After sharing some calamari at Curly Tails and checking out of the marina, P. and I took Alizee out into the harbor and anchor easily in the Marsh Harbor anchorage. So, from the afternoon of the 15th through this afternoon, we’ve been getting used to living aboard, cooking meals, and doing some boat chores, such as doing a second polishing of the hull with Teflon polish … she sparkles!

A big highlight of Penelope's first night here was that she flew over the Cape when the space shuttle was poised and ready for launch, and this evening after she arrived and we were on the boat at anchorage, we saw the launch from hundreds of miles away.  I managed a pretty poor photo, but it gives a sense of it.  It was truly quite something.

The dinghy runs well, even better after I adjusted the idle, and we’ve had a couple of excursions into shore, one to go to Price Right, the local supermarket, where we picked up primarily vegetables plus a really nice rib-eye for which I got out the barbecue for the first time. That went well, too, which was a nice thing.

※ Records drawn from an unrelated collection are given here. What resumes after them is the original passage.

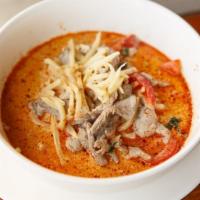 Red Curry · Red curry in coconut milk, sweet basil, bamboo shoot and red bell pepper.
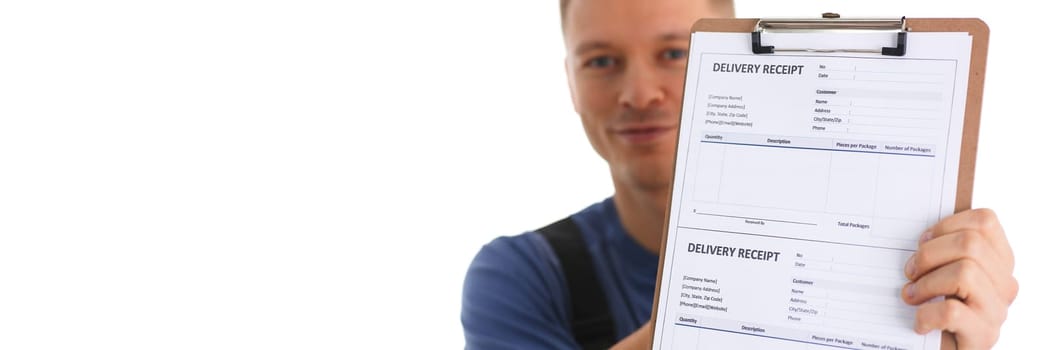 Delivery man holds clipboard with delivery receipt in hands. Courier logistics and delivery of goods concept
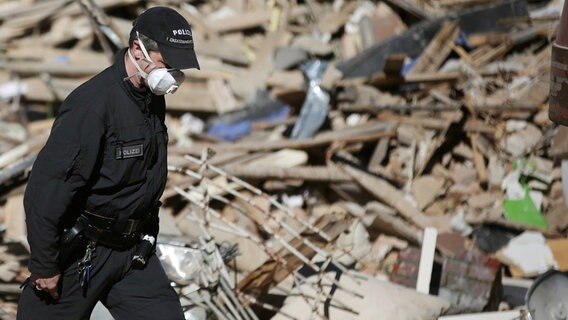 Ein Polizist mit Mundschutz steht in den Trümmern eines eingestürzten Hauses in Itzehoe © dpa Bildfunk Foto: Axel Heimken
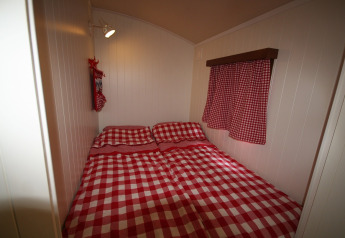 Dormitorio en Pipowagen, Camping De Grienduil, Países Bajos, con ropa de cama y cortinas a cuadros rojos.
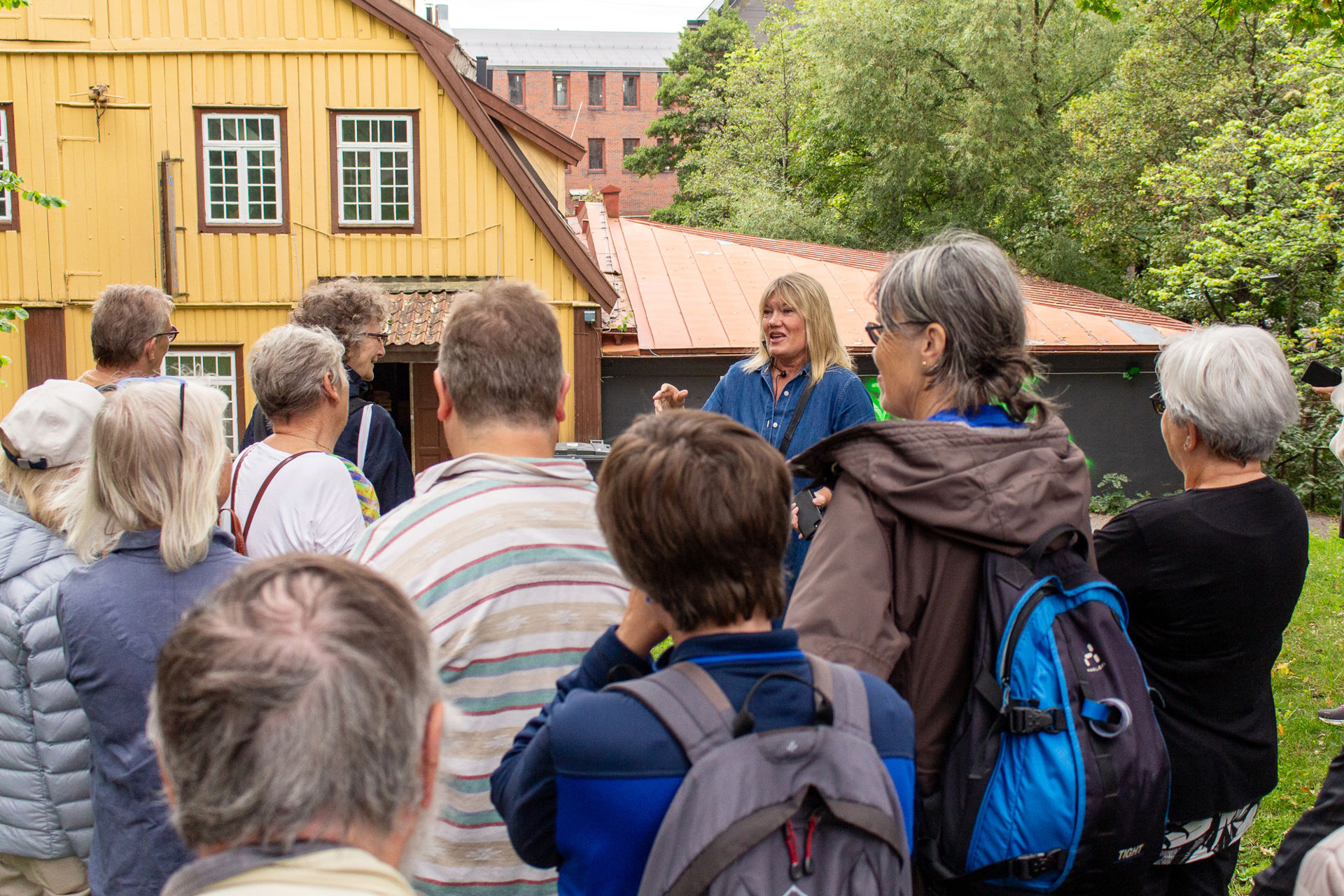 En guide snakker til tilhørere. I bakgrunnen et stort gult trebygg.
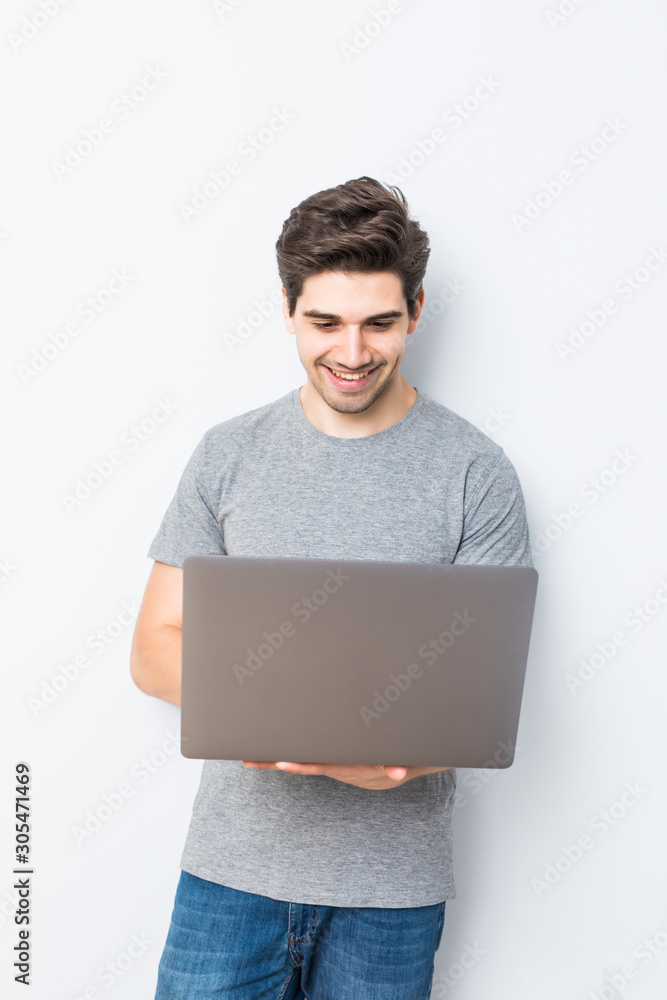 Portrait of young man with laptop isolated on white. Concept communication. Portrait of young man with laptop isolated on white. Concept communication.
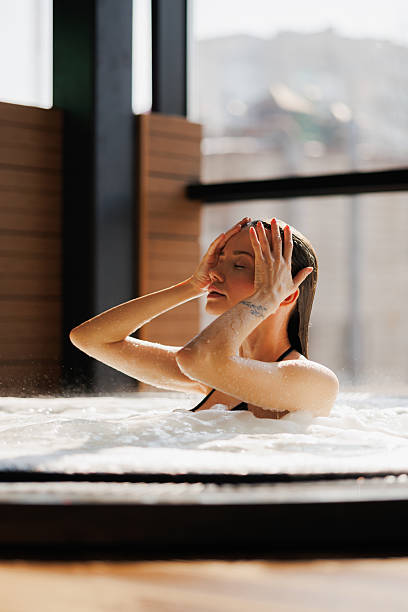 istock Pretty woman sitting in hot tub in spa complex 2204473681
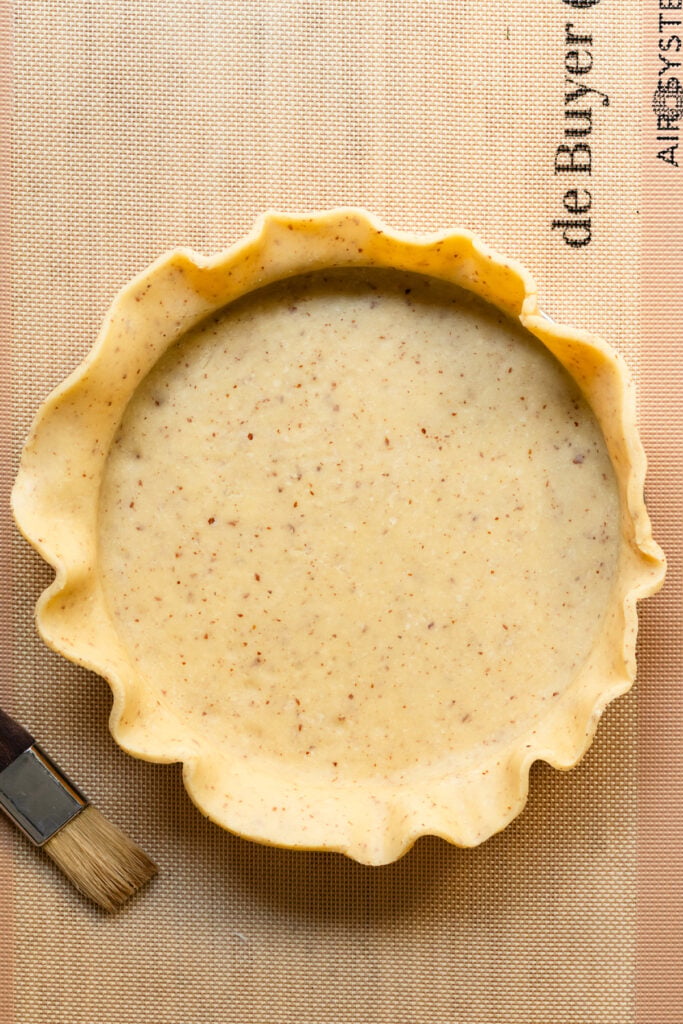 Overhead of tart dough placed inside a tart ring.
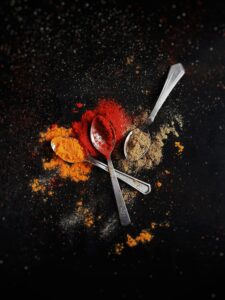 A creative flat lay of colorful spices - red, orange, and brown - with metal spoons on a dark background.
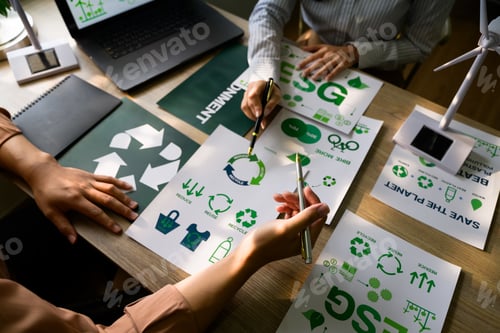 Preview: Managers discussing esg strategy for environment conservation with recycle symbol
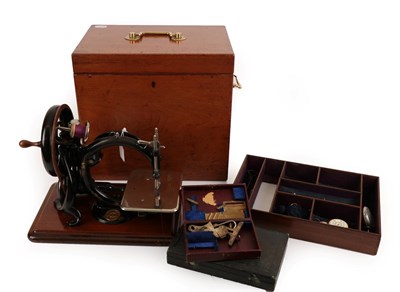 Lot 2065 - 1877 Willcox & Gibbs Sewing Machine, together with two boxes of accessories, in a fitted...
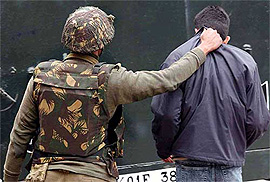 A BSF jawan takes away a suspected youth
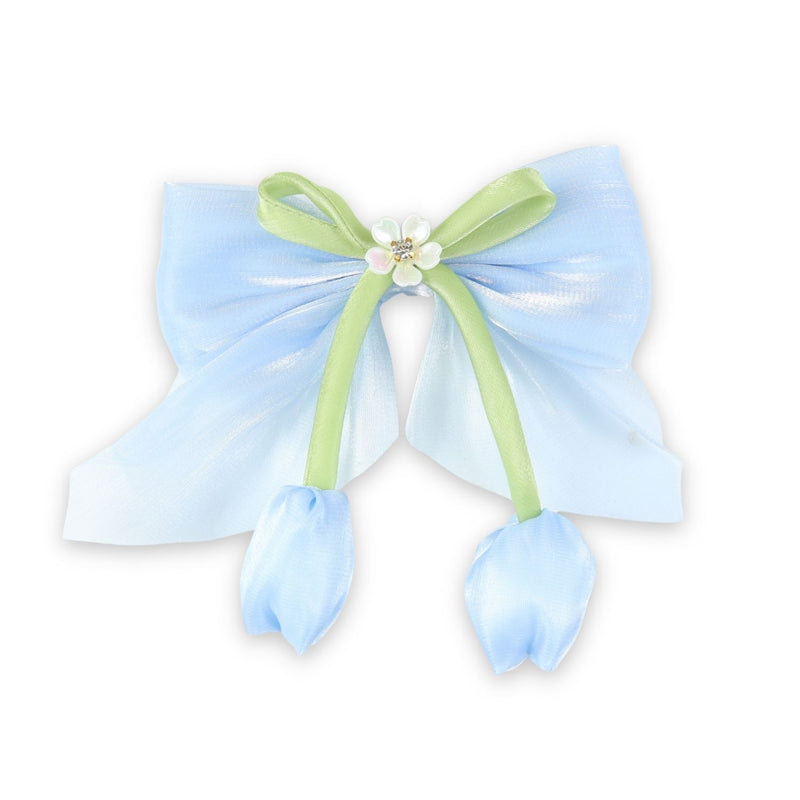 Blue Floral Charm Bow Hair Clip worn in hair, showing the floral charm on the bow
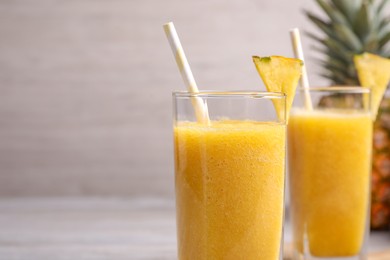 Tasty pineapple smoothie on table, closeup. Space for text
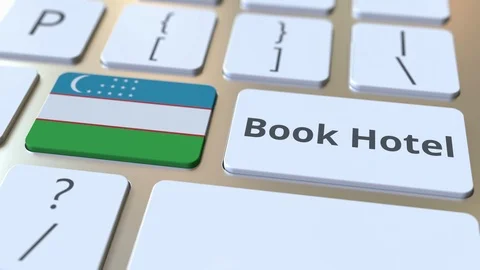 BOOK HOTEL text and flag of Uzbekistan on the buttons on the computer keyboard Stock Footage 112491803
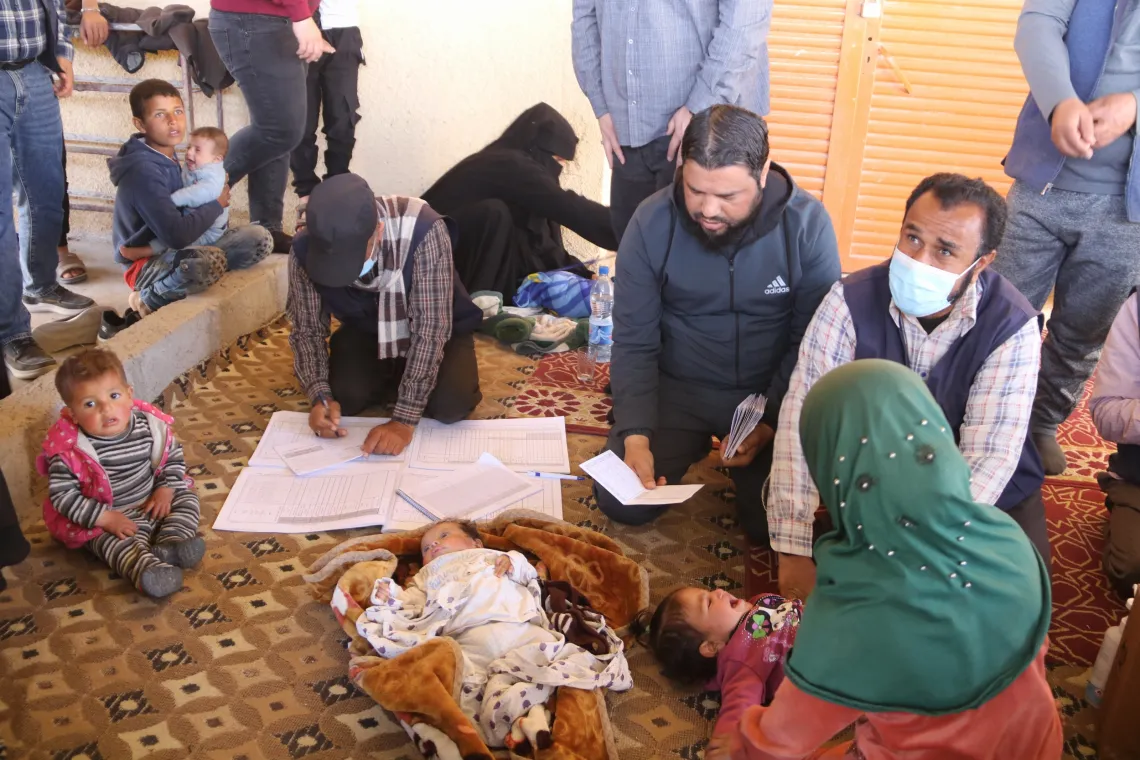 Three members of the vaccination team sit on a carpet, registering children.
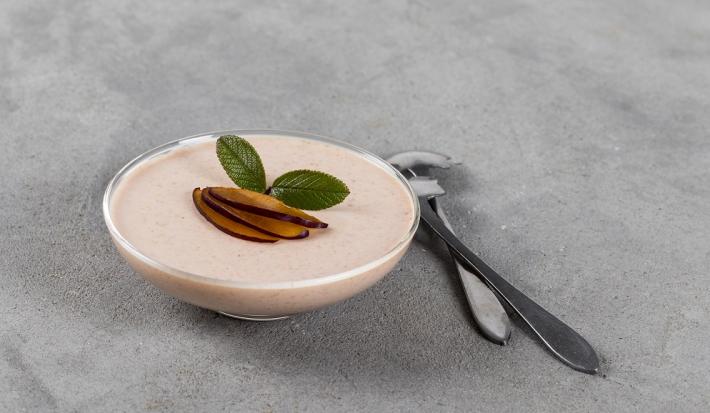 Fotografia em tons de branco em uma bancada de madeira de cor cinza. Ao centro, uma taça contendo a mousse com duas colheres ao lado.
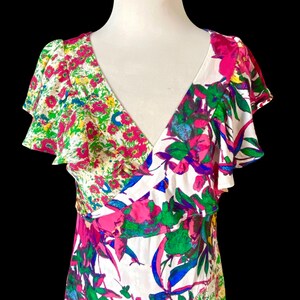 May include: A white V-neck dress with a vibrant floral print. The dress features a mix of pink, green, blue, and yellow flowers. The dress has ruffled sleeves and a fitted bodice.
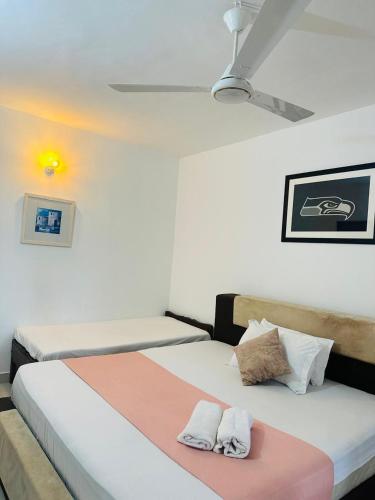 a bedroom with two beds and a ceiling at Villa 121 in Kandy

I’ve had one boat problem, which is the Raymarine C-80 unit. Just before P. arrived, I discovered that the CF card containing all the charts was not being read by the C-80 plotter. After checking to see the card was reading by loading it into the multi-card digital reader that hooks into my laptop and seeing the chart there, I determined that one of the little prongs inside the C-80 had been pushed in somehow and wasn’t connecting with the CF card. I managed to get on line and discover that there is a Raymarine authorized service agent here in Marsh Harbor, Pat McFaden of Merlin’s Marine Electronics, located just upstairs above the Jib Room restaurant and the Marsh Harbour Marina. On Monday I took the unit into him (after borrowing the proper tool to disassemble it), and he tried his best to repair it. Unfortunately, the prongs are really sensitive and it just kept pushing back through, so we shipped the unit off to Raymarine for warranty repair. Pat figures I’ll have it back within three weeks. I hope so, because although I have a couple of sets of paper charts and a good hand-held Garmin GPS into which I’ve entered scores of waypoints, I’d feel a lot better in these thin Sea of Abaco waters with the active chart plotter handy at the helm.


A low front came through last night and this morning, so we’re holding in Marsh Harbor for another night. I also had some mail delivered to the Jib Room, which I have to pick up this afternoon. Tomorrow is supposed to be a sunny day, and I think we’ll sail to Hope Town and spend a day or so there.